Ne jamais sous-estimer un batteur dans le processus créatif. Avec Say It, second opus des canadiens Born Ruffians paru voilà deux ans, nous avions fait l’expérience d’entendre un batteur triste, et combien son jeu pouvait contaminer la teneur d’un album. Le rythme lent et lourd qui portait les chansons de ce disque dérèglé, délibérément brut, tranchait radicalement avec l’énergie juvénile et directe du premier album, Red Yellow and Blue (2007). Si la communication au sein du trio originaire de Victoria (entre-temps passé quatuor avec l’arrivée du claviériste Andy Lloyd, transfuge de Caribou) avait du mal à passer, en résultait sur bande une fascinante tension sous-jacente. Say it, album frustré d’un groupe confronté à ses problèmes internes, ne se laissait ainsi apprivoiser à nous qu’à la condition de s’y engager dans la durée, mais prenait considérablement de la hauteur une fois percé à jour.

En contraste, Birthmarks est définitivement l’album de la vigueur retrouvée. Exit leur producteur depuis les débuts Rusty Santos (Animal Collective), le choix s’est porté pour ce troisième opus sur Roger Leavens, distingué au préalable sur Rhythymnals, l’excellent album solo du chanteur/compositeur Luke Lalonde paru il y a seulement quelques mois. Le leader des Born Ruffians, manifestement tellement satisfait du résultat, lui a renouvelé sa confiance et présenté au reste du groupe. Autre changement notable, c’est le label de Toronto Paper Bag Records qui récupère le groupe suite à leur départ de Warp.

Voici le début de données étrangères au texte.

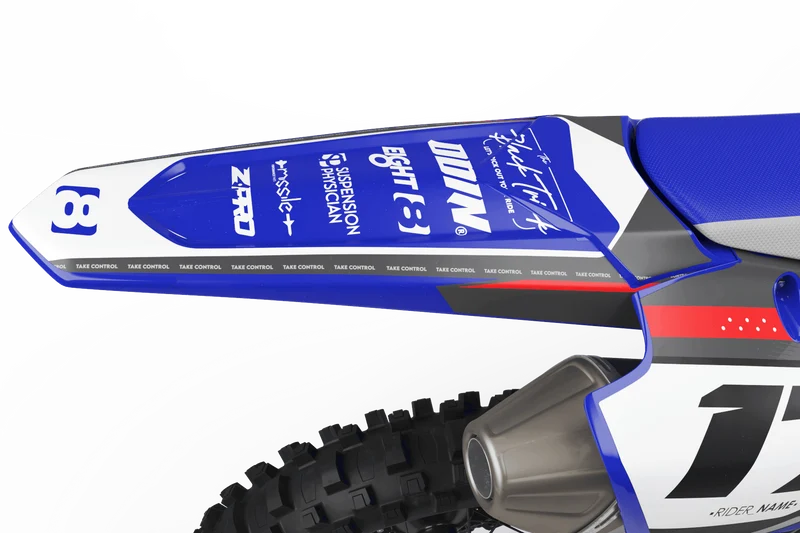 Odin - Kit Déco Yamaha YZF 250 2019-2021 / 450 2018-2022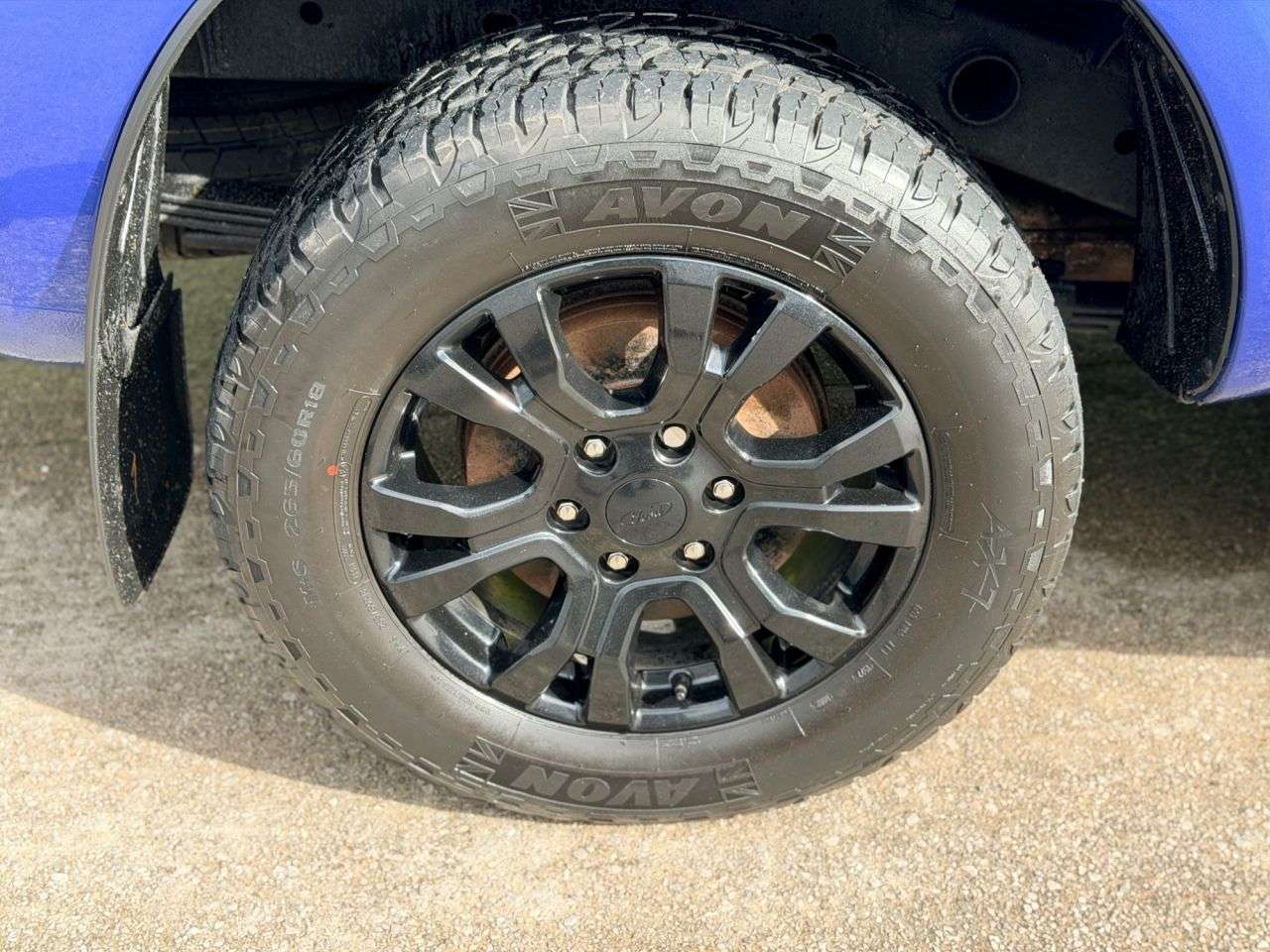 2018 FORD RANGER 2018 FORD RANGER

Birthmarks sonne la sortie de crise. Un regain de forme général, où l’énergie collective redevient directe, palpitante, lumineuse. Les contours psychédéliques du premier album, quasiment évincés sur Say It, refont leur apparition par l’usage subtile des claviers colorés et de réverbérations electro – l’afro-pop rayonnante de « With Her Shadow » le meilleur morceau que Vampire Week-end n’a pas écrit. Mais c’est surtout le songwriting de Luke Lalonde qui fait des merveilles. Il y a beaucoup de morceaux exaltés sur Birthmarks, où le chant fougueux du jeune homme respire la confiance retrouvée – « 6-5000 » et « Ocean’s Deep » devraient provoquer sur scène, leur territoire de prédilection, de nouveaux séismes . Sur la deuxième partie du disque émergent quelques passages plus posés et introspectifs (le bien nommé « So Slow », ou encore « Never Age »), laissant émerger alors la facette désabusée de Say it.

Les Born Ruffians viennent définitivement de reprendre leurs marques. En 2013, peu de disques tels que celui-ci pourront prétendre capter l’énergie bouillonnante et espiègle de la jeunesse. Ce sont définitement nos Violent Femmes modernes, version 2.0.